MiniShell is a Unix-like shell implemented in the C programming language by os-moussao and awbx. It draws inspiration from the Bash Unix shell.
$> false && echo success || echo failure
$> cat /etc/passwd | cut -d':' -f1 | sort | uniq # get unique users
$> cat << "EOF" > outfile ; < infile cat >> outfile
$> cd / ; (cd bin && ./ls -G .); pwd # The current working directory is still "/"

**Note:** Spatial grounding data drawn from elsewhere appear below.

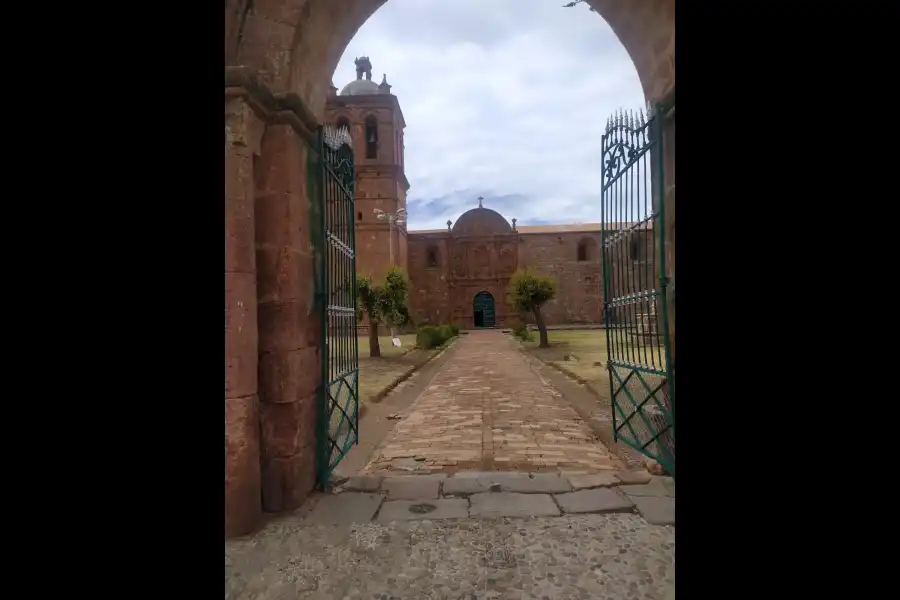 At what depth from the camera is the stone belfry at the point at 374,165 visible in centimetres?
2925

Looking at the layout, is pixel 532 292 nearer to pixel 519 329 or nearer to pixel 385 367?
pixel 519 329

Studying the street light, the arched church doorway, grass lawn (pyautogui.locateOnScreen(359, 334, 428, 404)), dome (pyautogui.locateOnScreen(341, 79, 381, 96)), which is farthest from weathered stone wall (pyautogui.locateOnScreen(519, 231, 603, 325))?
grass lawn (pyautogui.locateOnScreen(359, 334, 428, 404))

echo # Write arguments to the standard output.
cd # Change the shell working directory.
pwd # Print the name of the current working directory.
export # Set export attribute for shell variables.

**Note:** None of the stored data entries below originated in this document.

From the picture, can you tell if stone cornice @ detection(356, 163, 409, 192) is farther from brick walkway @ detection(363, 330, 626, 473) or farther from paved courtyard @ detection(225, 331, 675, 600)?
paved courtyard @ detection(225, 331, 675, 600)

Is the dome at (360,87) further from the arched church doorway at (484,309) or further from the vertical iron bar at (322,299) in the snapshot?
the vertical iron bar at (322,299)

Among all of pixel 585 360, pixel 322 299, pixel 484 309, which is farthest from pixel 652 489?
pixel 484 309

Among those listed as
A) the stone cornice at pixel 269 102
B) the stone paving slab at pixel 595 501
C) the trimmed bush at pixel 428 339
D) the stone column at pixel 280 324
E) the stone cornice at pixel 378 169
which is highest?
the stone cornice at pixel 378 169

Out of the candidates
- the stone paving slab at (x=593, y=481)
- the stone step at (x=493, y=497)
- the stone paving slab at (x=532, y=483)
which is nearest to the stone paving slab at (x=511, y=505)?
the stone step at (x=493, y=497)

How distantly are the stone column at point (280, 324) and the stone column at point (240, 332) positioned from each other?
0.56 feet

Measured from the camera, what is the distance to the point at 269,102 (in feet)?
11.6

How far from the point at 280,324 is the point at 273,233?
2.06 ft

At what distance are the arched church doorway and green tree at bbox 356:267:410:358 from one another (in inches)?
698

unset # Unset values and attributes of shell variables.
env # Set environment and execute command, or print environment.
exit # Exit the shell.
Before accepting any input, MiniShell handles Ctrl-C, Ctrl-D, Ctrl-Z, and Ctrl-\ signals, mimicking the behavior of Bash. Once initialized, the program continuously prompts for a new command line input. The command line goes through several stages before execution and displaying the result.
First, it passes through the lexical analyzer, which divides the input into a "valid" list of tokens. Then, the parser uses this token list to generate an abstract syntax tree. Finally, the executor recursively traverses this tree and executes each node accordingly.
The lexical analyzer, or lexer, is the initial stage of parsing the command line input. It consists of three important steps:
- Tokenizer: Converts the command line into an "initial" list of tokens, preserving all details of the
cmdline
string. The tokenizer does not check for syntax errors within thecmdline
; this task is left to the syntax analyzer. - Syntax Analyzer: Iterates through the doubly linked list of tokens, checking for syntax errors at each node. It examines the left and right contexts of each node, looking for unexpected or incorrect tokens. If any errors are encountered, they are printed to
stderr
, and a falsy value is returned to the lexer function. See syntax rules for more details. - Expander: If the syntax analyzer does not encounter any errors, the token list is passed to an expander, which removes quotes and whitespace, expands tilde and wildcard patterns, and performs variable expansion during execution.
The syntax analyzer follows the following rules:
* AND, OR, PIPE, FG, BG:
- left: [WSPACE] (STRING | CPAR)
- right: [WSPACE] (STRING | REDIRECT | OPAR | if <FG, BG> ENDOFCMD)
* OPAR "(":
- left: CMDBEGIN | [WSPACE] (AND | OR | PIPE | OPAR)
- right: [WSPACE] (STRING | REDIRECT | OPAR)
* CPAR ")":
- left: [WSPACE] (STRING | CPAR)
- right: [WSPACE] (AND | OR | PIPE | CPAR | ENDOFCMD)
* REDIRECT:
- right: [WSPACE] STRING
* PARENTHESES MATCHING AND QUOTING:
- Inside each pair of parentheses should not be an empty command.
- Every open parenthesis must have a matching closing parenthesis.
- Every single or double quote must be closed.
// Inside the lexer function
tokens = tokenizer(cmdline);
if (!validate_syntax(tokens))
{
set_status(2);
return (NULL);
}
tokens = expander(tokens);
The parser in MiniShell uses a recursive descent parsing algorithm. Its purpose is to traverse the list of tokens produced by the lexer and validate each recognized rule defined in the grammar.
The grammar for the MiniShell, written in Extended Backus–Naur form, is as follows:
<block> ::= <pipeline> {("&&" | "||") <pipeline>}
<pipeline> ::= <command> {"|" <command>}
<command> ::= <cmdlist>
| "(" <cmdline> ")" <redirect>
<cmdlist> ::= <cmd> {<redirection>}
<cmd> ::= <filename> | <builtin>
| <filename> <arglist>
| <builtin> <arglist>
| <filename> <arglist> <redirection>
<redirection> ::= "<" <filename>
| "<<" <filename>
| ">" <filename>
| ">>" <filename>
<arglist> ::= <arg> {<arg>}
<arg> ::= <filename> | <string>
<filename> ::= <string>
<builtin> ::= "cd" | "pwd" | "export" | "unset" | "env" | "echo" | "exit"
The parser uses recursive functions to match each rule in the grammar. If a match is found, the parser generates an abstract syntax tree (AST) representing the command line input.
The executor in MiniShell is responsible for executing the commands represented by the abstract syntax tree (AST) generated by the parser. It traverses the AST recursively and performs the necessary actions for each node.
The executor differentiates between different types of nodes: command nodes, pipeline nodes, and block nodes. For each node, it handles the execution, I/O redirection, piping, and control flow.
The executor relies on system calls such as fork
, execvp
, dup2
, close
, and waitpid
to execute commands and manage I/O redirection and piping.